Flooded by the sun, the whole room seemed vibrant and alive, as though it resonated with the vitality of the family that passed most of its free hours within it. The books seemed to radiate the spell of great stories, the tapestries almost to come to life, and even the granite blocks to warm with the morning’s light. The wood of the table, chairs, and chest seemed to live in some fashion, and to delight in their part in the living gestalt that was the family.

“And I must say that doublet and hose become you.” Jimena reached out a hand to caress his. “Enough to make me think most ungrandmotherly thoughts. Have you not heard of a grandfather’s only regret?”

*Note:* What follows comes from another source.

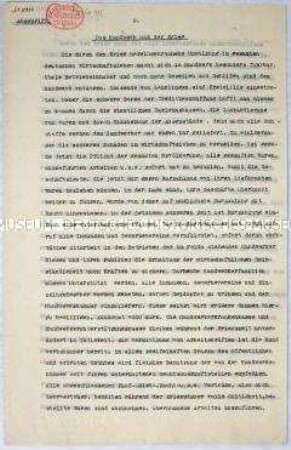 Hektografierte maschinenschriftliche Ausarbeitung über die Bedeutung des Handwerks im Kriege
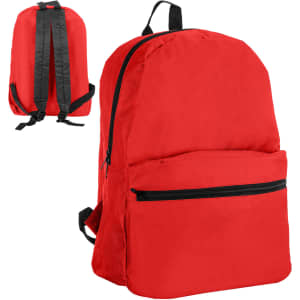 A red backpack with black accents and a front pocket, featuring adjustable shoulder straps and a logo.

“What, that he is married to a grandmother?” Ramon’s grin widened. “There can never be regret, if the grandmother is you.”

Footsteps sounded in the hall, and voices in earnest discussion, with smaller voices raised in salute to the dawn behind them.

“Hush, now.” Jimena patted his hand. “Here come the children. Behave.”

Their son Matthew and his wife, Queen Alisande, swept into the solar, followed by two nursemaids, a small boy and smaller girl, and a butler and two footmen. The queen was saying, “Yes, it is far away, but the presence of so many barbarians coming closer and closer to Europe concerns me.”

“And if it concerns you, it concerns Merovence.” Matt nodded. “But they’re still far away, dear, and we can take half an hour away from them to enjoy breakfast with our family.”

“Oh, of course!” Alisande said with chagrin, and turned to her parents-in-law contritely. “Good morning, lord and lady.”

“Good morning, Your Majesty.” Ramon gave a little bow, sure that she would be calling him “Father” in a few minutes.

Jimena didn’t seem disturbed by Alisande’s early morning formalities, either. She clasped her daughter-in-law’s hand and said, “I am so glad you have accepted our custom of the family’s dining together, my dear.”

“It is wise council, my lady mother,” Alisande said, “and I thank you for it.”

They took their seats in hourglass chairs, and two small ones with very long legs, around an octagonal table set for breakfast. Sunlight filled them all with the morning’s glow.

“Some of your fellow monarchs may sneer at our living like peasants in such a manner,” Ramon cautioned her.

“True,” Alisande agreed, “but it will endear us to the common folk, and what are we without their support?”

“A good point,” said Papa, thinking of the last czar.

“Besides,” Alisande said, “when we have so little time to be a family, we must make the most of each minute … Kaprin, your spoon!”

“Yes, Mama,” the little boy grumbled, picking up his spoon and abandoning his dream of fistfuls of porridge. He dug the spoon in and eyed his sister as though estimating the range.

“It’s for putting the food in your mouth,” Matt said quickly, and Kaprin cast his father a guilty look, then brought the spoon to his lips, all injured innocence.